RNA sequence assembly using base pair bond structure
University of New Brunswick
The process of determining nucleic acid (DNA and RNA) sequences is affected by limitations in technology that limit the length of sequence that can be read at once. Longer sequences are thus read in pieces, and so an important part of the process is to re-assemble these pieces, using overlapping pieces from multiple copies.

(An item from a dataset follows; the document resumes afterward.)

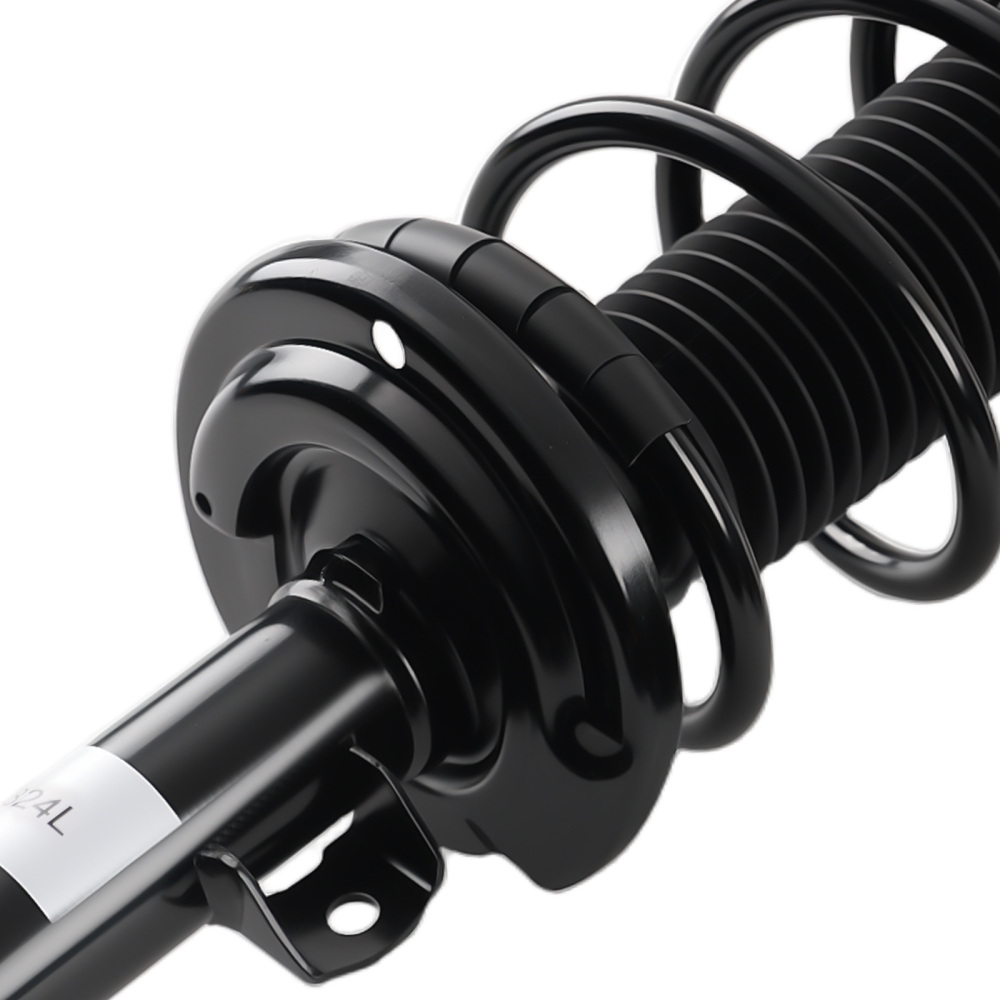 Complete Front Struts Shocks w/ Coil Spring compatible for Saab 9-3 2003 2004 2005 L4 2.0L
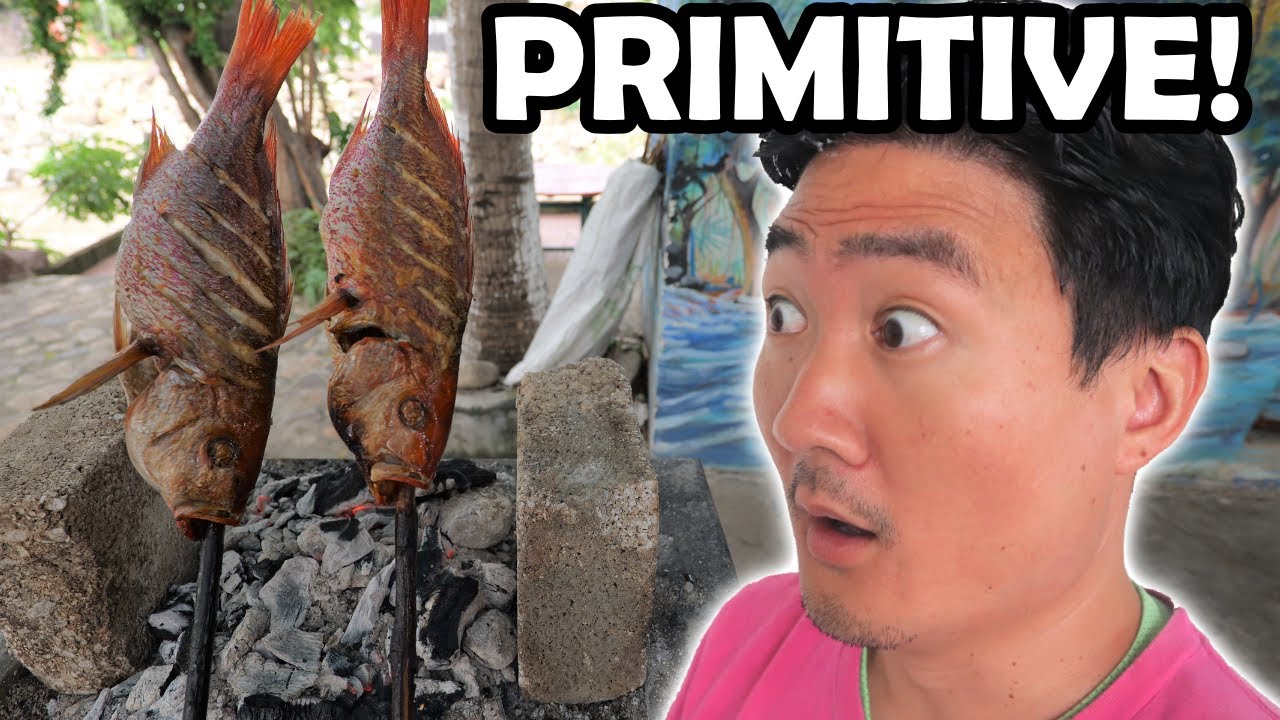 BEST SEAFOOD in PUERTO VALLARTA! Hidden Gem BBQ Like No Other!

Sequence assembly is a complex computational problem, particularly if the target sequence is one that is hitherto unknown and so there is no reference that helps to assemble the sequence pieces correctly. The advent of a new generation of high throughput technology that can quickly read shorter sequences makes the assembly an even more critical step because of the increased likelihood of missing regions in the final re-assembled sequence. Current sequence assembly algorithms are designed to seek a best result, from a series of characters perspective, in the form of a shortest possible ‘superstring’. However, DNA, RNA and other biological sequences are more than just strings, and so a shortest possible string does not equate to how the pieces were originally ordered, which is ultimately the goal of sequence assembly. This work proposes an alternative approach of including known structure properties and conditions that govern the building and design of biological sequences to help the re-assembly of RNA sequences, and includes tests whose results show noticeable increase in accuracy of the sequence assembly result in comparison to past approaches and that using structure also enables some shorter sequences to be assembled from a single copy.